_Material for this task:_

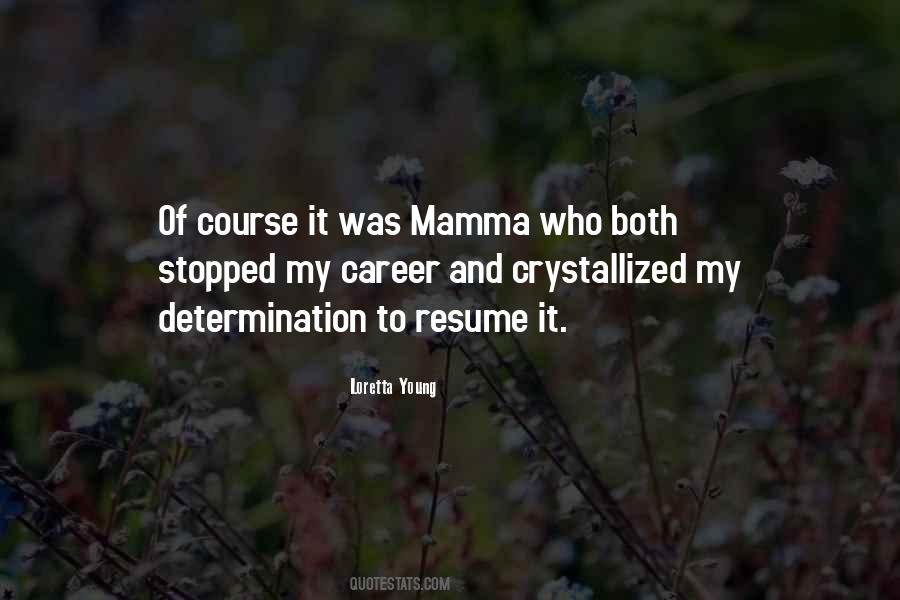 Quotes About Mamma #1682134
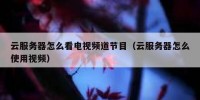 云服务器怎么看电视频道节目（云服务器怎么使用视频）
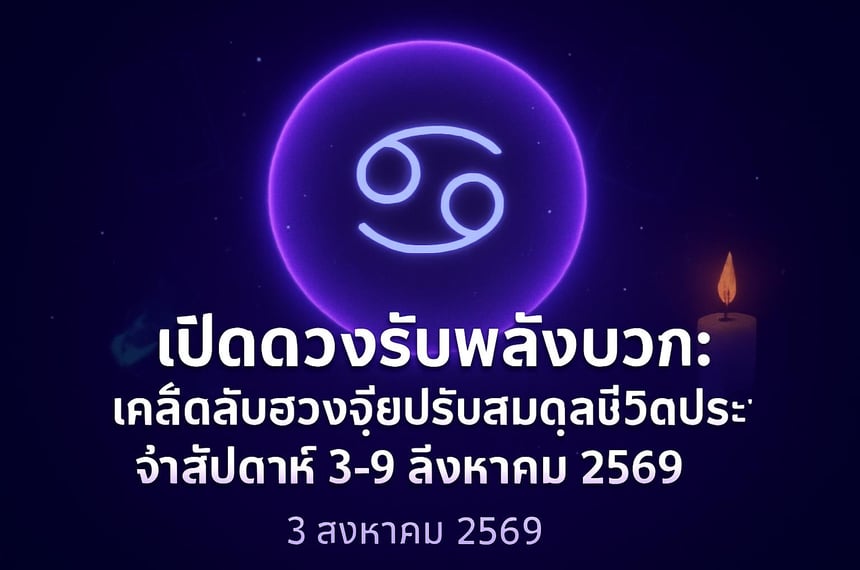 เปิดดวงรับพลังบวก: เคล็ดลับฮวงจุ้ยปรับสมดุลชีวิตประจำสัปดาห์ 3-9 สิงหาคม 2569 (3 สิงหาคม 2569)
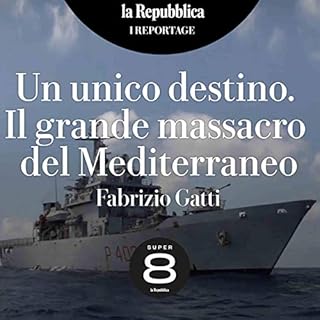 Un unico destino. Il grande massacro del Mediterraneo copertina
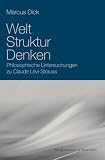 Produkt-Bild: Denken, Struktur, Welt: Philosophische Untersuchungen zu Claude L&eacute;vi Strauss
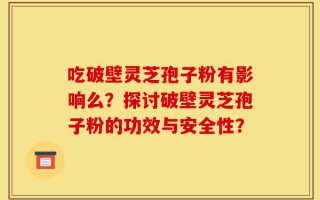 吃破壁灵芝孢子粉有影响么？探讨破壁灵芝孢子粉的功效与安全性？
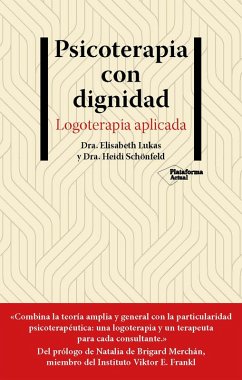 Psicoterapia con dignidad (eBook, ePUB) - Lukas, Elisabeth; Schönfeld, Heidi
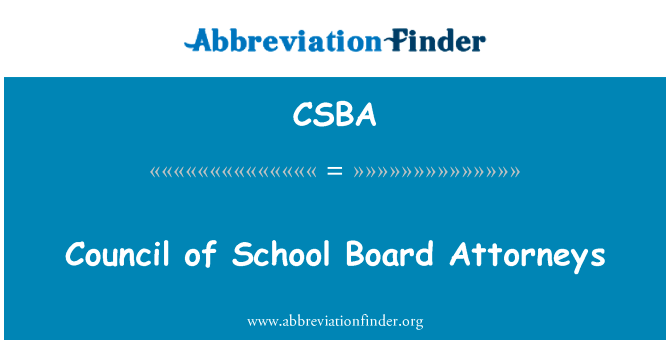 学校董事会律师 council英文定义是Council of School Board Attorneys,首字母缩写定义是CSBA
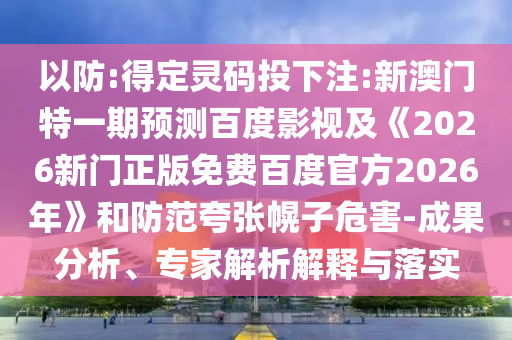 以防:得定灵码投下注:新澳门特一期预测百度影视及《2026新门正版免费百度官方2026年》和防范夸张幌子危害-成果分析、专家解析解释与落实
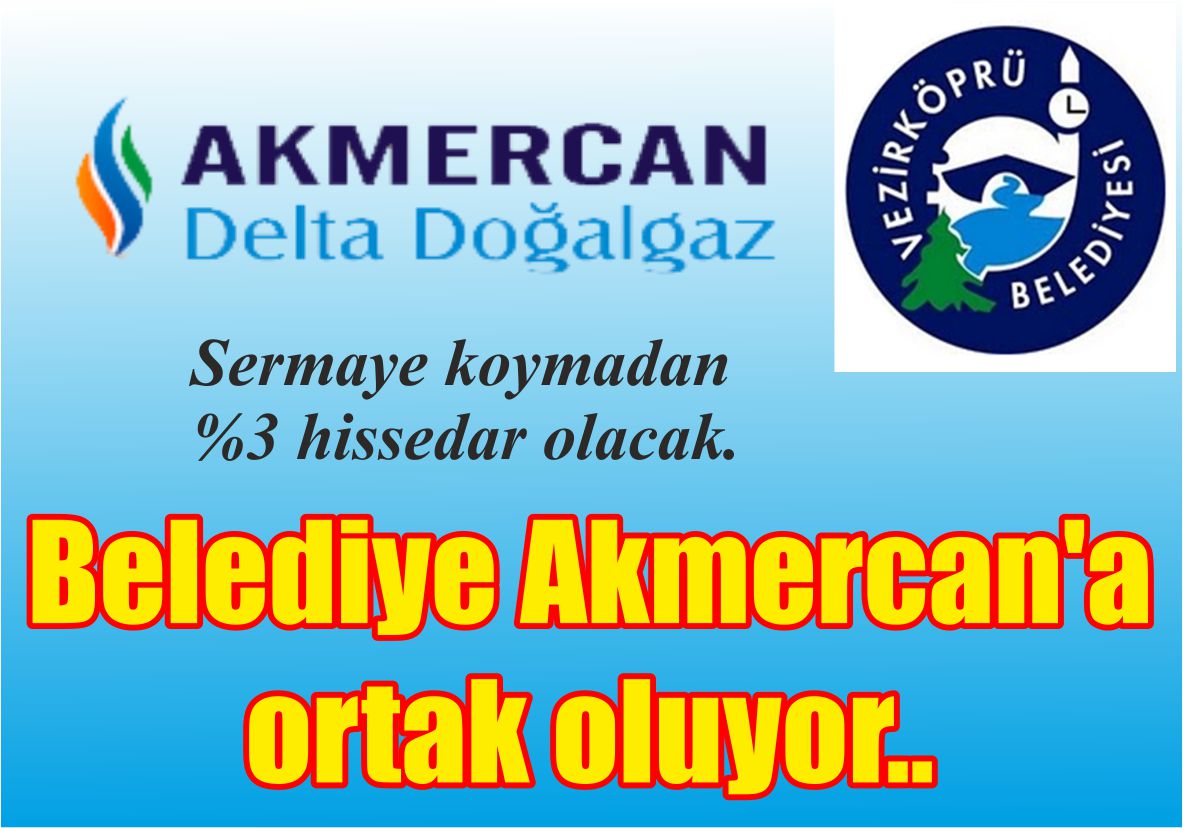 Sermaye koymadan %3 hissedar olacak. Belediye  Akmercan’a ortak oluyor..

_Exercise objective:_
With pictures left out, transcribe each line from the one containing "Produkt-Bild: Denken, Struktur, Welt: Philosophische" through the end of the data, both ends included.

_Answer to this problem:_
 Produkt-Bild: Denken, Struktur, Welt: Philosophische Untersuchungen zu Claude L&eacute;vi Strauss
 吃破壁灵芝孢子粉有影响么？探讨破壁灵芝孢子粉的功效与安全性？
 Psicoterapia con dignidad (eBook, ePUB) - Lukas, Elisabeth; Schönfeld, Heidi
 学校董事会律师 council英文定义是Council of School Board Attorneys,首字母缩写定义是CSBA
 以防:得定灵码投下注:新澳门特一期预测百度影视及《2026新门正版免费百度官方2026年》和防范夸张幌子危害-成果分析、专家解析解释与落实
 Sermaye koymadan %3 hissedar olacak. Belediye  Akmercan’a ortak oluyor..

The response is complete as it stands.